Japan Should Replace Managers to Prosper, Abe Adviser SaysJohn Detrixhe
Japanese businesses need different managers who are more willing to take risks as the country emerges from 15 years of deflation that hampered innovation, according to Takeshi Niinami, chairman of Lawson Inc.
“Most CEOs were promoted because they are really good at cost-cutting, not doing business, something new,” Niinami said today at a Japan Society conference in New York. “Those people can’t manage in this kind of situation where you can find more business opportunities.”
Niinami, 55, an economic adviser to Japanese Prime Minister Shinzo Abe, is on the Industrial Competitiveness Council of Japan and a member of the Tax Commission of the Government. He was previously the chief executive of Lawson, Japan’s second-biggest convenience store chain, and was named president of Suntory Holdings Ltd. this year.
After 18 months in office, Abe has fired two of what he calls the three arrows of Abenomics -- fiscal stimulus and unprecedented monetary easing -- in a bid to banish deflation from the world’s third-largest economy.
Prices excluding perishables, the Bank of Japan’s key inflation gauge, rose 3.4 percent in May from a year earlier, the fastest gain in 32 years. The stimulus helped trigger an 18 percent slide in the yen against the dollar last year and boosted share prices. The currency has strengthened about 3.8 percent in 2014 and the Topix index of stocks has dropped.

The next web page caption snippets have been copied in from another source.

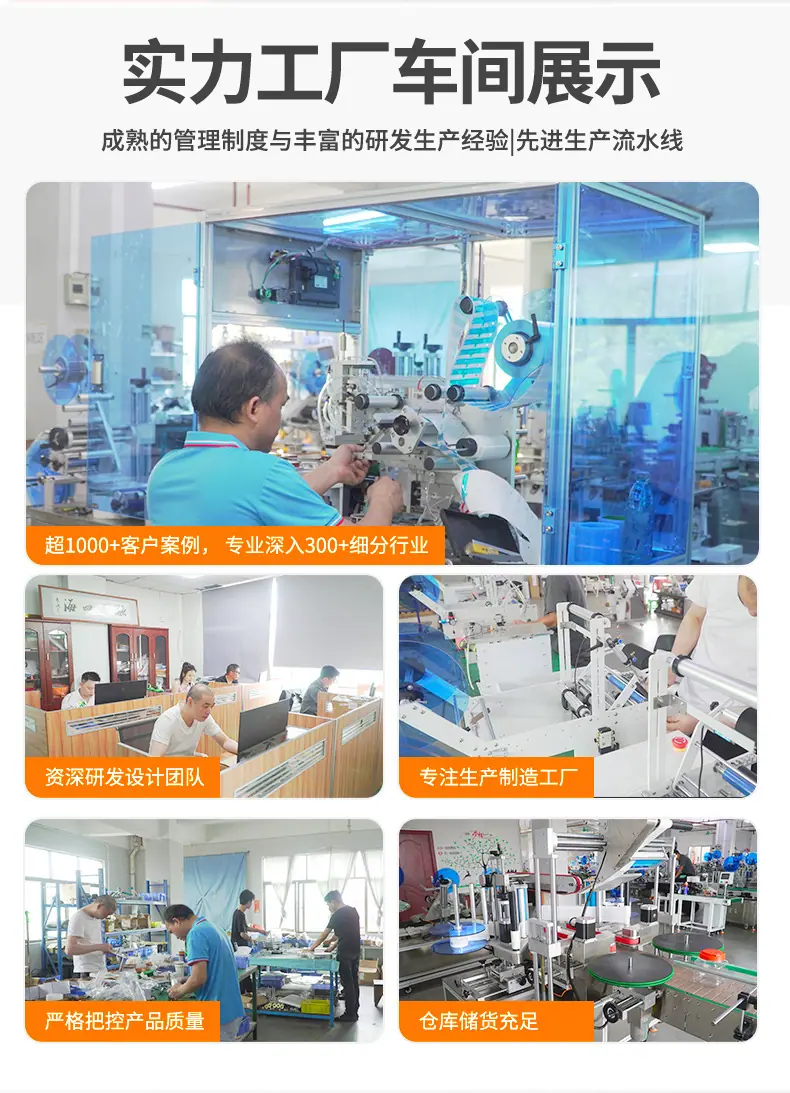 详情页_02
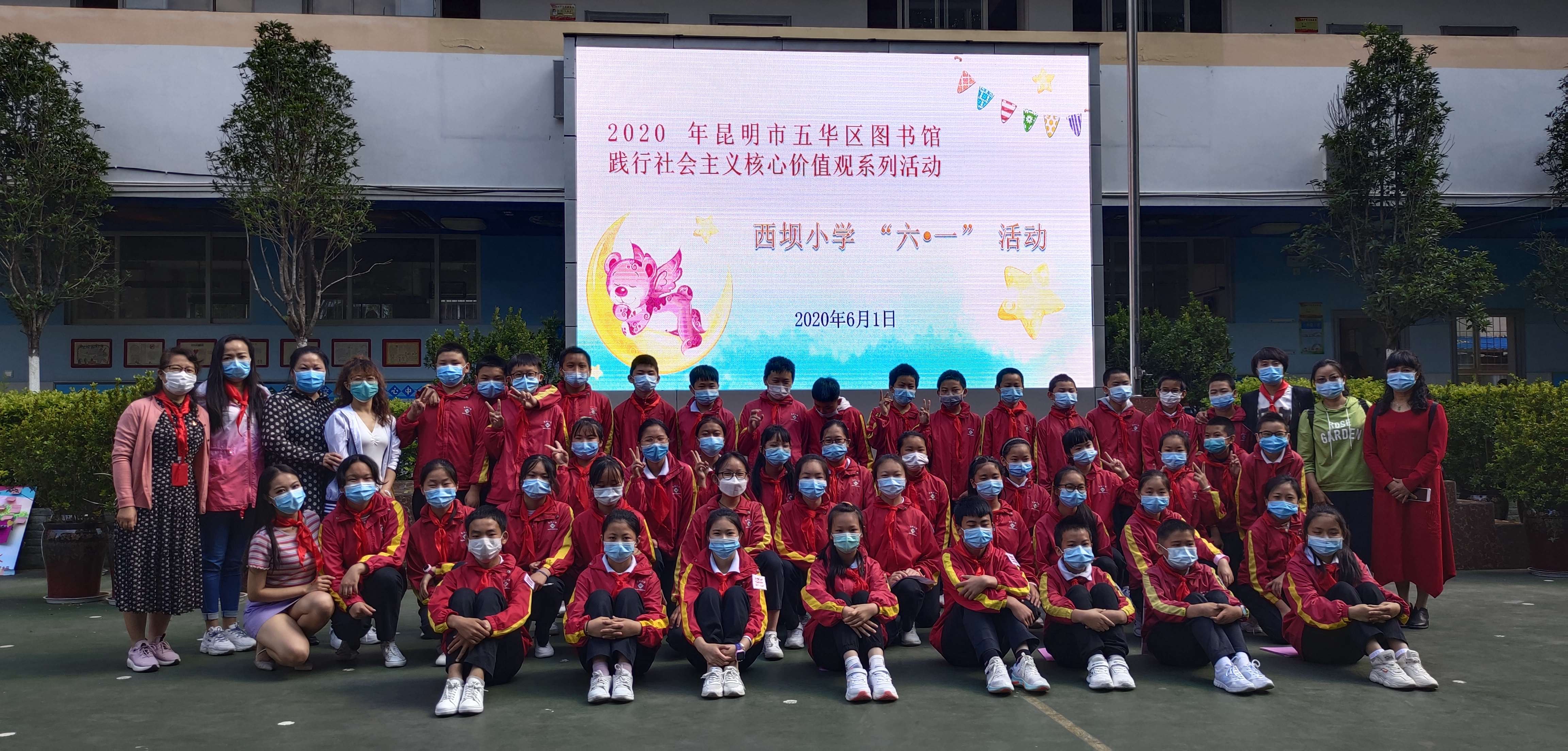 1603609720503211.jpg 微信图片_202006041555541(压缩).jpg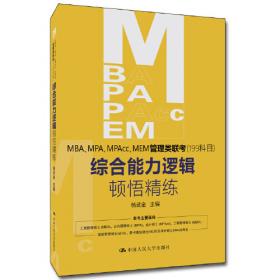 MBAMPAMPAcc联考综合能力逻辑顿悟精练（套装共2册）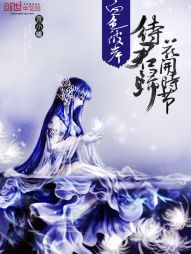 血色彼岸：花开时节待君归" width="120" height="150"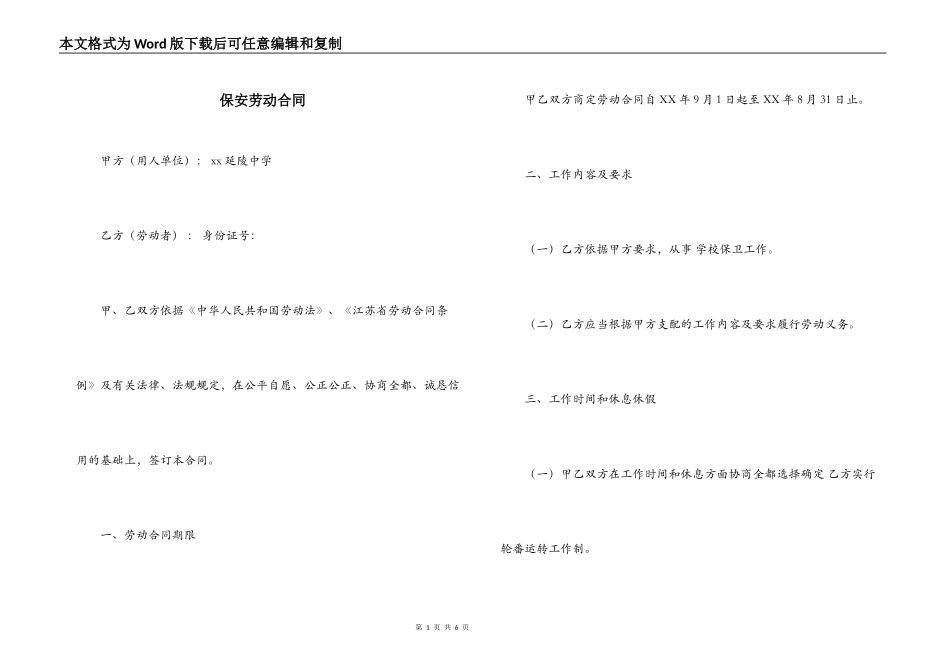 保安劳动合同_第1页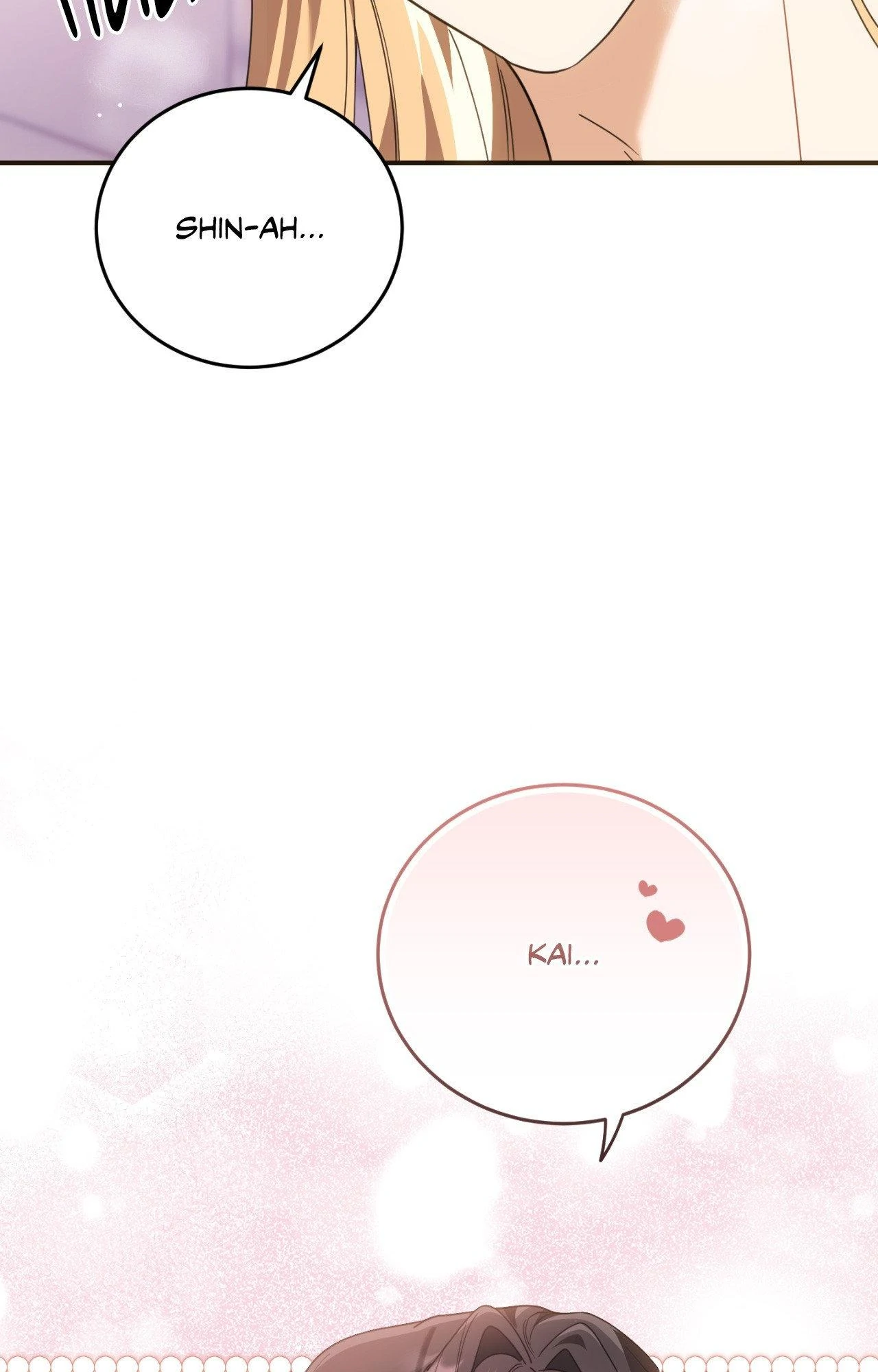 The Sorcerer in My Nightstand Chapter 25 - page 4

The plan’s third arrow includes structural reforms, such as opening markets to competition and increasing female participation in the workforce, as well as starting to rework corporate taxes.
Some big companies don’t pay as much tax as they should because of loopholes that were established in 1960s and 1970s to encourage exports, Niinami said.
“Those loopholes should be filled if we want to reduce” the corporate tax rate, he said. “We are well behind global equal footing.”